Collection entries:

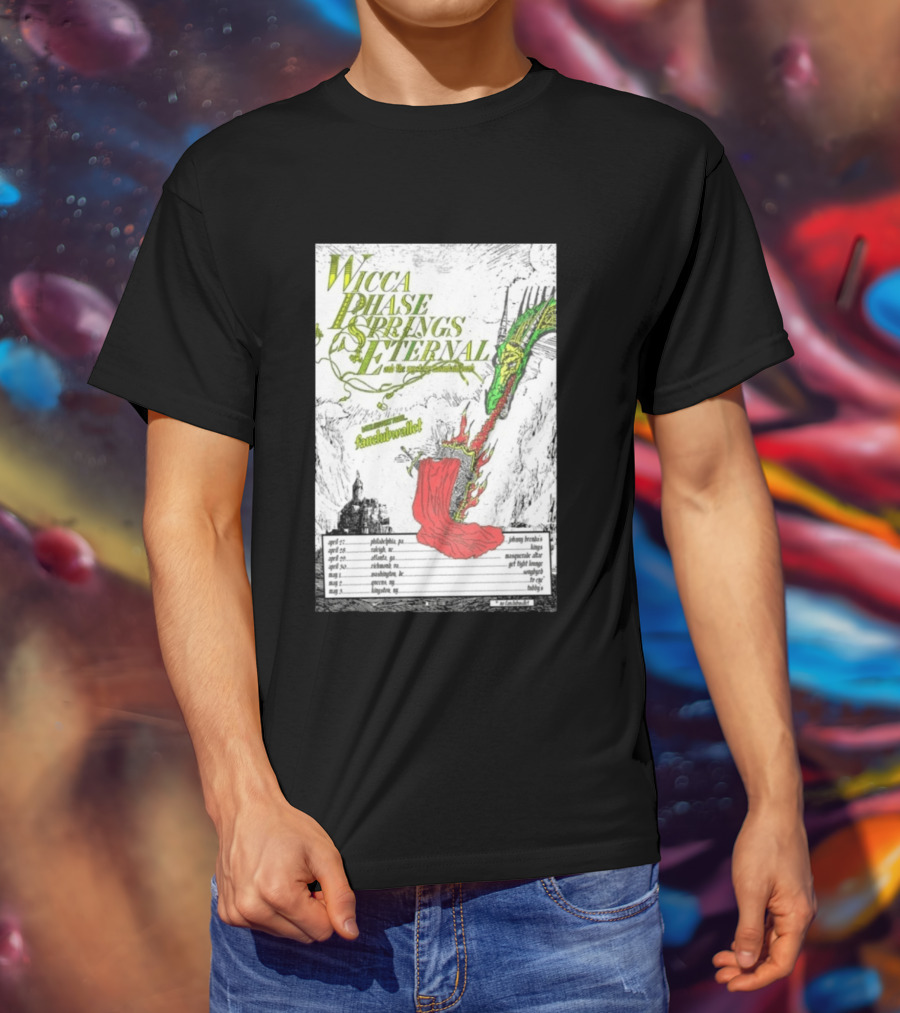 Wicca Phase Springs Eternal Tour 2026 With Fantasy Dragon Illustration And Tour Dates T-Shirt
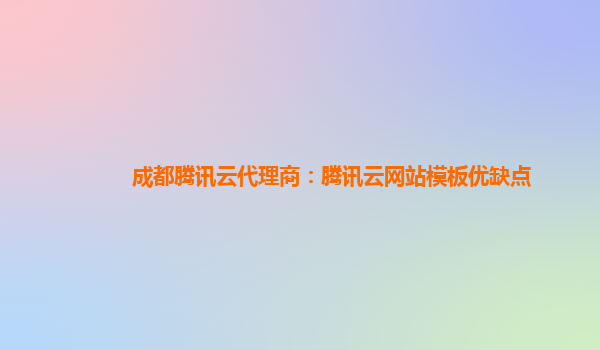 成都腾讯云代理商：腾讯云网站模板优缺点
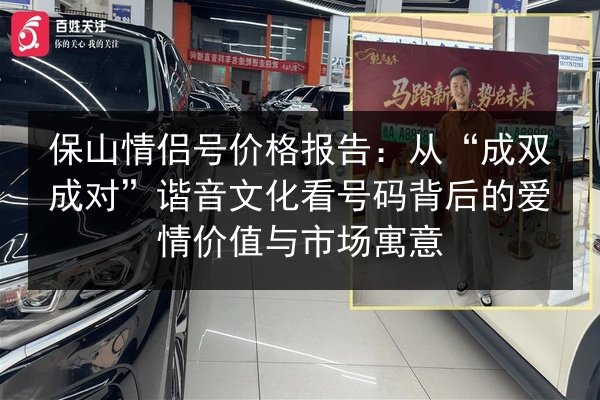 保山情侣号价格报告：从“成双成对”谐音文化看号码背后的爱情价值与市场寓意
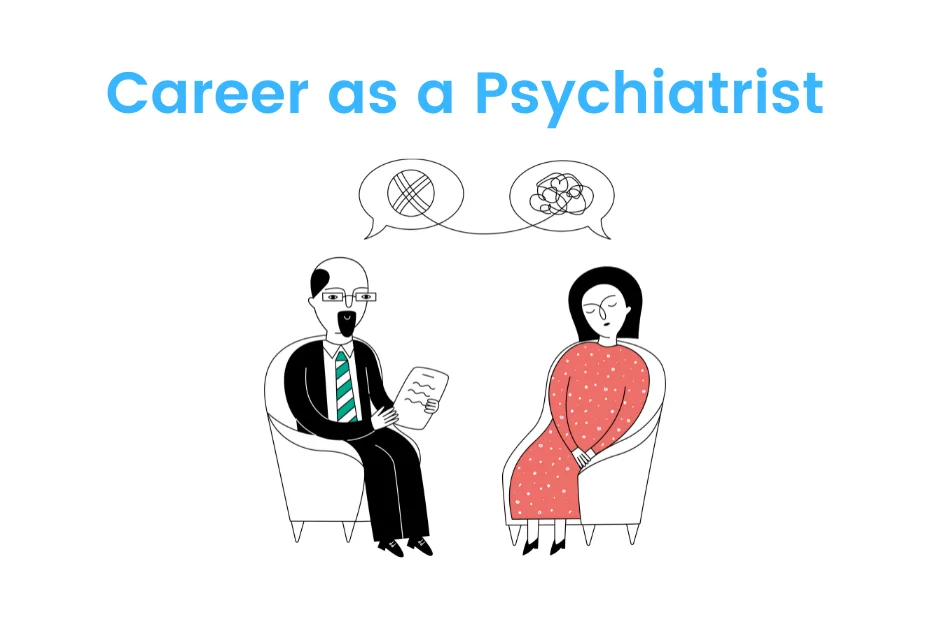 Career as a Psychiatrist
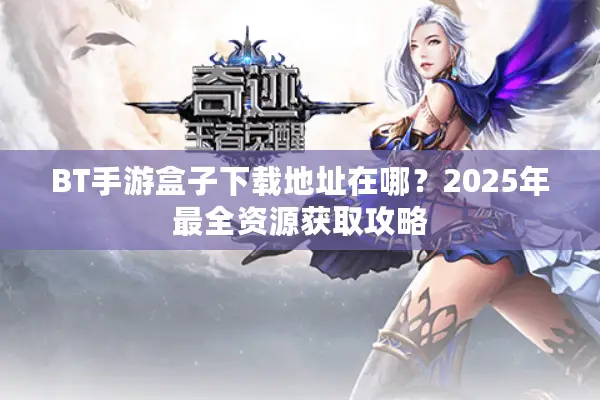BT手游盒子下载地址在哪？2025年最全资源获取攻略
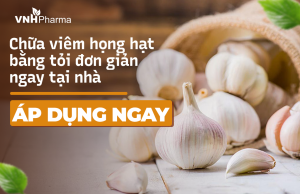 Chữa viêm họng hạt bằng tỏi đơn giản ngay tại nhà ÁP DỤNG NGAY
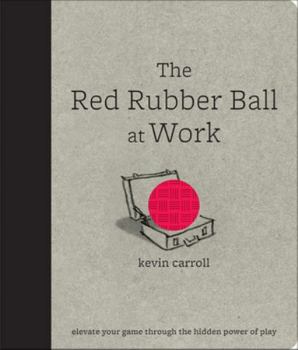Hardcover The Red Rubber Ball at Work: Elevate Your Game Through the Hidden Power of Play Book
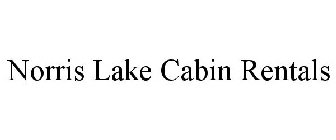 NORRIS LAKE CABIN RENTALS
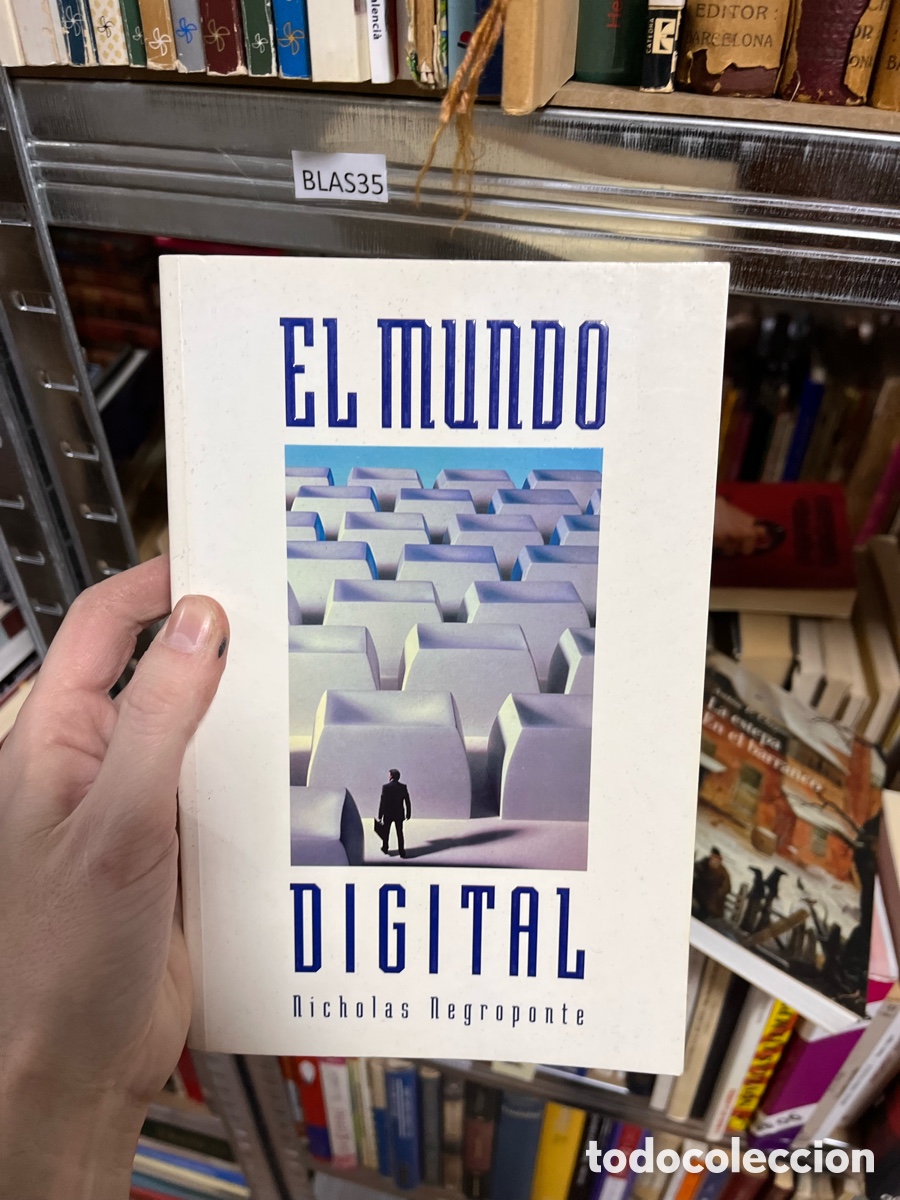 Libros de segunda mano: BLAS35 EL MUNDO DIGITAL Nicholas legroponte - Foto 1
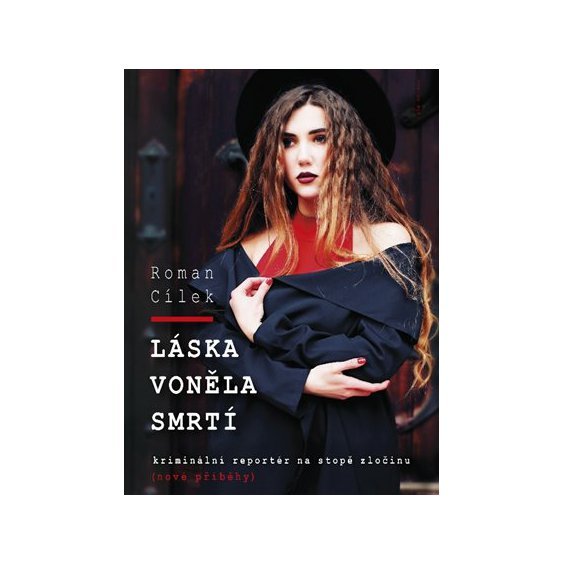Kniha Láska voněla smrtí, Roman Cílek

TO DO — Restate the preceding entries in full, word for word, with the pictures removed.

OUTPUT FOR THIS TASK —
 Wicca Phase Springs Eternal Tour 2026 With Fantasy Dragon Illustration And Tour Dates T-Shirt
 成都腾讯云代理商：腾讯云网站模板优缺点
 保山情侣号价格报告：从“成双成对”谐音文化看号码背后的爱情价值与市场寓意
 Career as a Psychiatrist
BT手游盒子下载地址在哪？2025年最全资源获取攻略
 Chữa viêm họng hạt bằng tỏi đơn giản ngay tại nhà ÁP DỤNG NGAY
Hardcover The Red Rubber Ball at Work: Elevate Your Game Through the Hidden Power of Play Book
 NORRIS LAKE CABIN RENTALS
 Libros de segunda mano: BLAS35 EL MUNDO DIGITAL Nicholas legroponte - Foto 1
Kniha Láska voněla smrtí, Roman Cílek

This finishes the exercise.